_Required work_
Shown below is a listing with pictures; reproduce exactly, and only, the lines between the ones containing "جانب من الدورة التدريبية" and "Will Armenia join", inclusive, leaving the pictures out.

_Data under study_
########
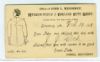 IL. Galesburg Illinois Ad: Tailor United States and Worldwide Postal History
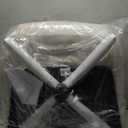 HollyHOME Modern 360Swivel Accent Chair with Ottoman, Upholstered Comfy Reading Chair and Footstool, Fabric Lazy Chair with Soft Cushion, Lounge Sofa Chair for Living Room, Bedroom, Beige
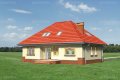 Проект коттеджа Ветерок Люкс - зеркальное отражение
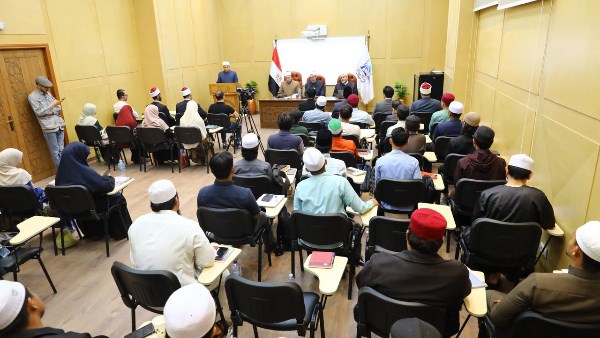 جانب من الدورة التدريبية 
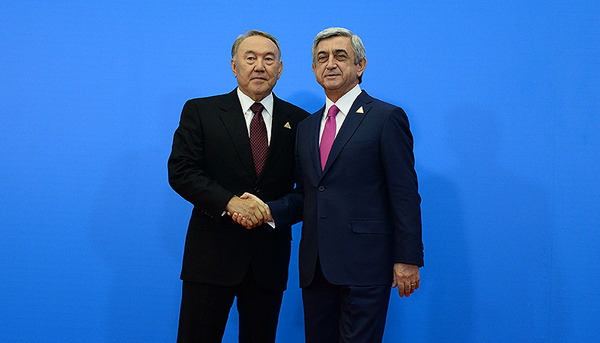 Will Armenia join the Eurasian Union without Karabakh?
########
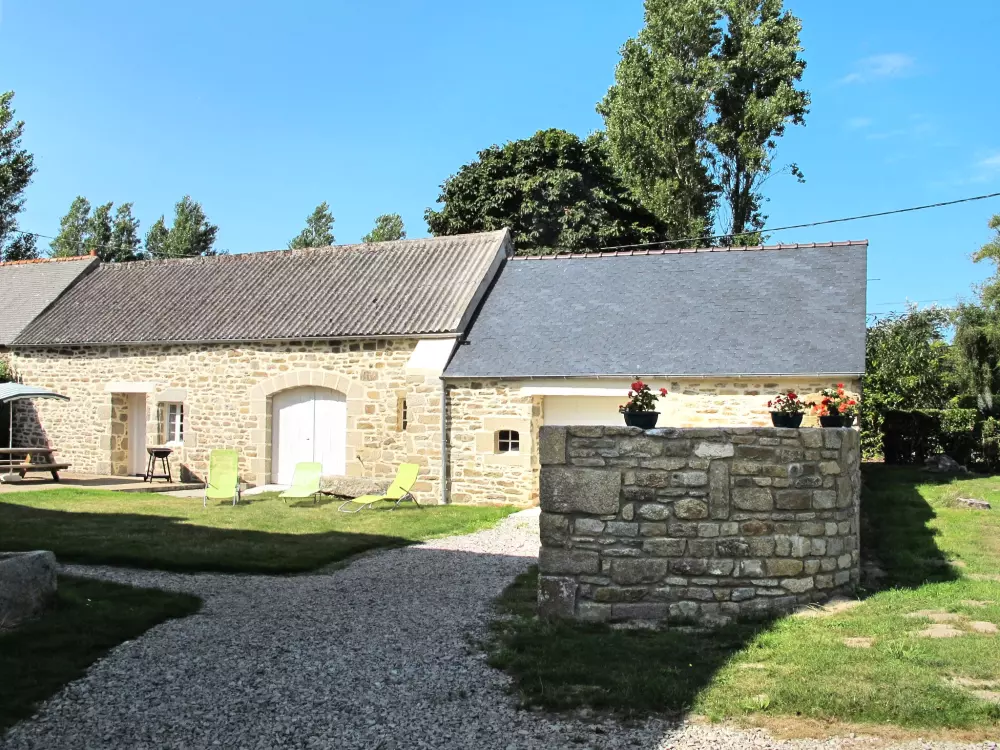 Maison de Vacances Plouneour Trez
########
_Solution_
 جانب من الدورة التدريبية 
 Will Armenia join the Eurasian Union without Karabakh?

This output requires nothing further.